C’est donc fort de cela que Feindiro qui est un de ces faucons, tente maladroitement de mettre entre parenthèse le titulaire actuel du ministère de l’Administration du Territoire en montant lui-même au créneau sur des dossiers qui ne relèvent pas de ses attributions comme celui de la rentrée politique du MLPC. La preuve en est également le discours complètement délirant prononcé en sango par Bozizé lors de la clôture des états-généraux des finances publiques où il a cru devoir non seulement justifier l’interdiction de la rentrée politique du MLPC en revendiquant la démarche de Feindiro mais aussi en tenant des propos franchement orduriers sur l’opposition une fois de plus accusée de comploter avec des puissances étrangères pour le renverser du pouvoir.

Dans ce discours hallucinant en sango, Bozizé a aussi évoqué ses ennuis de santé qui ne cessent de défrayer la chronique ces derniers temps mais pour nier sa maladie et affirmer qu’il se porte comme un charme alors que tout indique qu’il est bien malade. Bangui grouille d’invraisemblables anecdotes sur sa maladie et les traitements qu’il suit. Dans ce domaine, on ne peut tricher pendant longtemps et que la vérité finit par rattraper rapidement le menteur.

Le seul ennui est que son inaptitude à gérer les affaires du pays apparaît de plus en plus évidente et devient de plus en plus préjudiciable. Les dossiers dans les parapheurs et autres demandes d’audience s’accumulent. La fréquence des conseils de ministres s’espace de plus en plus. Ce sont là des signes évidents de fin de régime. L’éclatement de nombreux scandales et le nombre de ministres et d’anciens ministres empêtrés dans des affaires de prédation et auditionnés semaine après semaine, voire inculpés pour détournement de deniers publics et diverses  malversations, est sans précédent en RCA.
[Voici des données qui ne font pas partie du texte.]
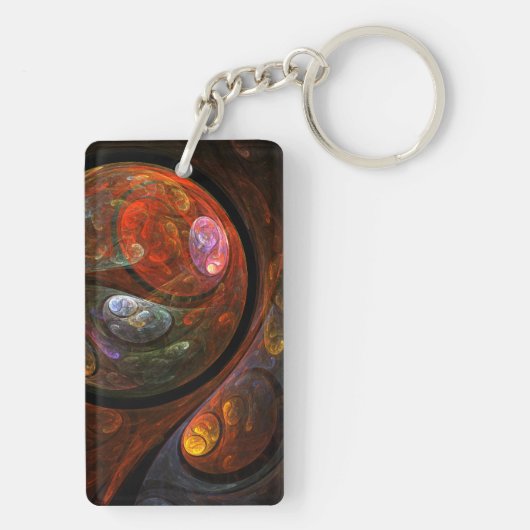 Vloeiende verbinding Abstracte kunst Sleutelhanger (achterkant)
L’incapacité du gouvernement dont le chef est pourtant un universitaire, à résoudre rapidement et dans le sens de la préservation des intérêts des étudiants, leur enseignants et du pays, la crise de l’Université de Bangui est significative de la perte de contrôle de la situation par le pouvoir. Le limogeage abusif du Recteur de cette université et son remplacement par une personne bon chic bon genre du KNK qui aurait été suggéré à Bozizé  par son premier ministre Touadéra s’est avéré comme étant une mauvaise solution. La preuve, la crise perdure. 

Tout cela consacre un climat lourd et délétère au sommet de l’Etat sans doute précurseur à un prochain naufrage du régime tout entier dont l'échec à résoudre les problèmes des Centrafricains n'est plus à démontrer. C'est dans ce contexte que les pronostics commencent à aller bon train sur un prochain remaniement gouvernemental, le départ de Faustin Touadéra étant quasiment acquis ainsi que celui des ministres mis en cause ou inculpés comme Fidèle Gouandjika dans telles ou telles affaires sulfureuses.